An $n$-gram or $n$-factor captures the idea that the \(n\)th word depends on the \((n-1)\) words that precede it. In a probabilistic setting, we can encode this dependence using conditional probability distributions. In particular, we will imagine each string is generated by choosing the next word conditioned on the preceding \(n-1\) words already chosen. In mathematical notation this can be written as follows.

\[\Pr(W^{(1)},\dots,W^{(l)}) =\prod_i^l \Pr(W^{(i)} | W^{(i-n+1)}=w^{(i-n+1)},\dots,W^{(i-1)}=w^{(i-1)})\]

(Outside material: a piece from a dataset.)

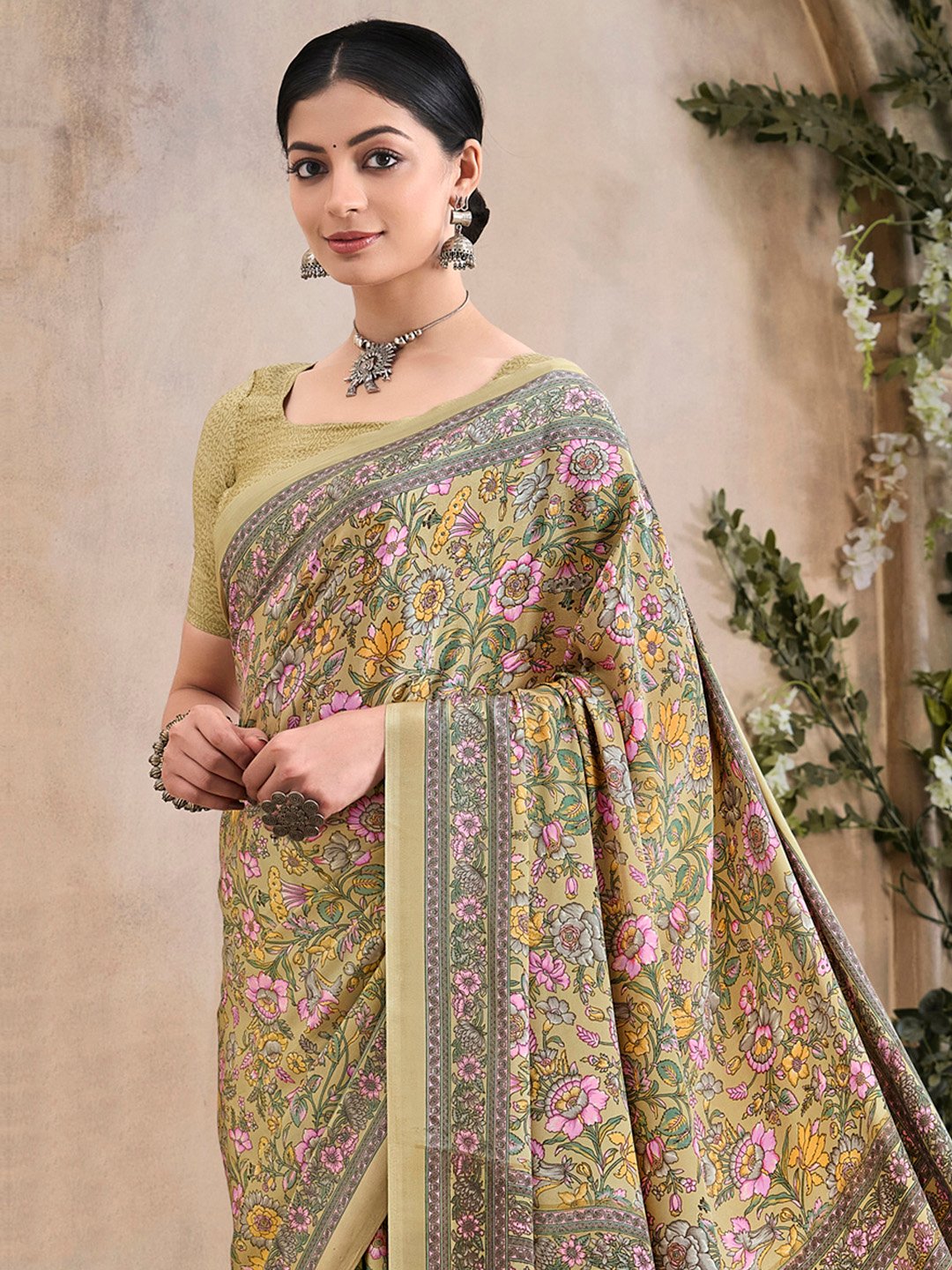 Get the best buy saree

We call the preceding \(n-1\) words a context. Note that in the model just defined, we must represent a different conditional distribution over next words for each context and each of these distributions is a distribution over the vocabulary \(V\). Thus, a natural way to define these distributions is to use a categorical distribution for each. In squiggle notation, we can write:

\[\begin{align} w^{(i)} \mid w^{(i-n+1)}, \dots, w^{(i-1)} &\sim&\mathrm{categorical}(\vec{\theta}_{w^{(i-n+1)}, \dots, w^{(i-1)}}) & ,\quad n \leq i \leq l\\ w^{(i)} \mid w^{(1)}, \dots, w^{(i-1)} &\sim& \mathrm{categorical}(\vec{\theta}_{\rtimes, w^{(1)}, \dots, w^{(i-1)}}) & ,\quad 1 \le i < n\\ \end{align}\]

or in the case of a bigram model, where \(n=2\):

\[\Pr(W^{(1)},\dots,W^{(l)})=\prod_i^l \Pr(W^{(i)} | W^{(i-1)}=w^{(i-1)})\] \[\begin{align} w^{(i)} \mid w^{(i-1)} &\sim&\mathrm{categorical}(\vec{\theta}_{w^{(i-1)}}) & ,\quad 2 \leq i \leq l \\ w^{(1)} &\sim& \mathrm{categorical}(\vec{\theta}_{\rtimes}) & \\ \end{align}\]

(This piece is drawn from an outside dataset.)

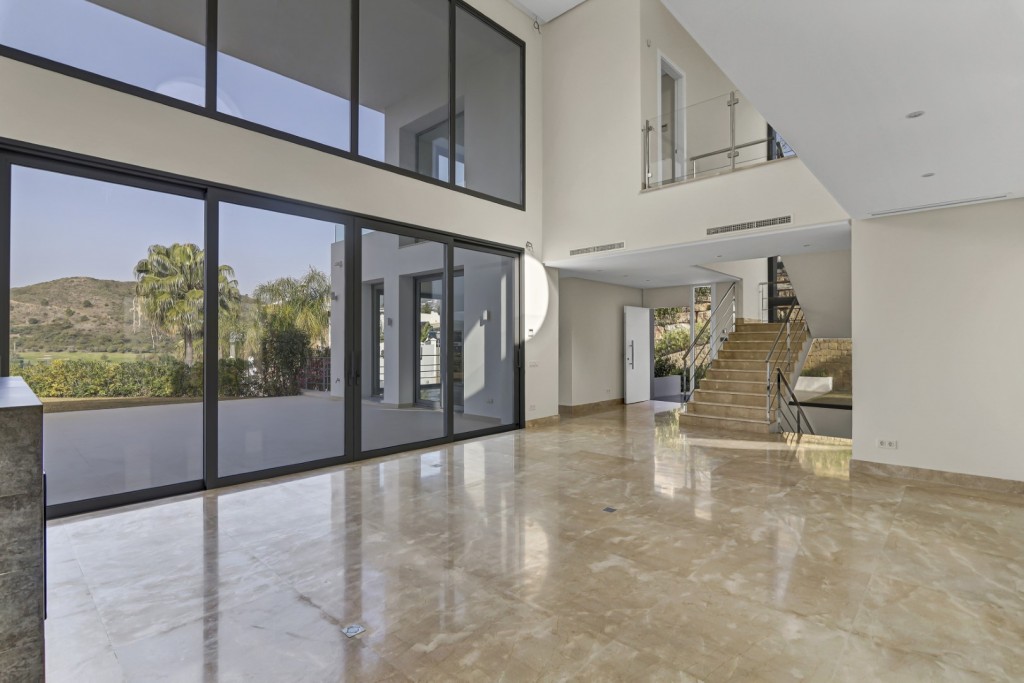 Luxury Modern Villa Benahavis (29)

To simplify the notation, we will introduce a string-valued variable \(\mathbf{c}\) which ranges over contexts, which will allow us to write:

\[w^{(i)} \mid \mathbf{c} \sim \mathrm{categorical}(\vec{\theta}_{\mathbf{c}})\]

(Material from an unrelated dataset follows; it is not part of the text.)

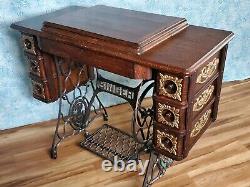 Beautiful Antique Ornate Vintage 1912 Singer Treadle Sewing Machine Modèle 127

for all of the cases above.

A critical observation about \(n\)-gram models is that there is a separate distribution \(\vec{\theta}_{\mathbf{c}}\) for each \(n-1\) length string \(\mathbf{c}\). In other words, the distributions are just a set of categorical distributions indexed by \(\mathbf{c}\). You can think of these parameter vectors as the elements of a hashtable where the hash keys are given by \(\mathbf{c}\)

Where should the parameter vectors \(\vec{\theta}_{\mathbf{c}}\) come from? A natural solution is to draw each of them from a Dirichlet distribution.

\[\begin{align} \vec{\theta}_{\mathbf{c}} \mid \vec{\alpha} &\sim& \mathrm{Dirichlet}(\vec{\alpha}) \\ w^{(i)} \mid \mathbf{c} &\sim&\mathrm{categorical}(\vec{\theta}_{\mathbf{c}}) & \\ \end{align}\]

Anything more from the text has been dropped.